"Circumcision is a sign to set you apart from the people of the nations"

by stuckinarut2 36 Replies latest watchtower bible

  • VW.org
    VW.org

    I was born with out eyelids. So when I got circumcised, the surgeon grafted the foreskin to my eyes to make eyelids. Now I have very good foresight.

  • jp1692
    jp1692

    So god supposedly said, "I want you to prove your love for and devotion to me by cutting off the end of your dick. And just to be sure you're serious, cut off the end of your kids' dicks too!"

    That's some seriously fucked up shit.

    Religions are highly articulated expressions of mental illness.

  • jp1692
    jp1692

    Wake Me: maybe JW brothers can start identifying themselves as a part of God's nation by snipping the ends off their ties.

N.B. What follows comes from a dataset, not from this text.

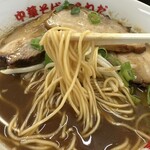 中華そばよねだ - 麺は細めぱっつり　香りあり！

    My ties remain uncut ... that is, when I wear them, which frankly isn't all that often any more.

  • Pete Zahut
    Pete Zahut

    I was born with out eyelids. So when I got circumcised, the surgeon grafted the foreskin to my eyes to make eyelids. Now I have very good foresight.

    Could be worse...you could have ended up being a little cockeyed.

  • David_Jay
    David_Jay
    So god supposedly said, "I want you to prove your love for and devotion to me by cutting off the end of your dick. And just to be sure you're serious, cut off the end of your kids' dicks too!"
    That's some seriously fucked up shit.
    Religions are highly articulated expressions of mental illness.

    Jews don't believe circumcision was a directive that came straight from God like Jehovah's Witnesses do or as you proposed in your comments.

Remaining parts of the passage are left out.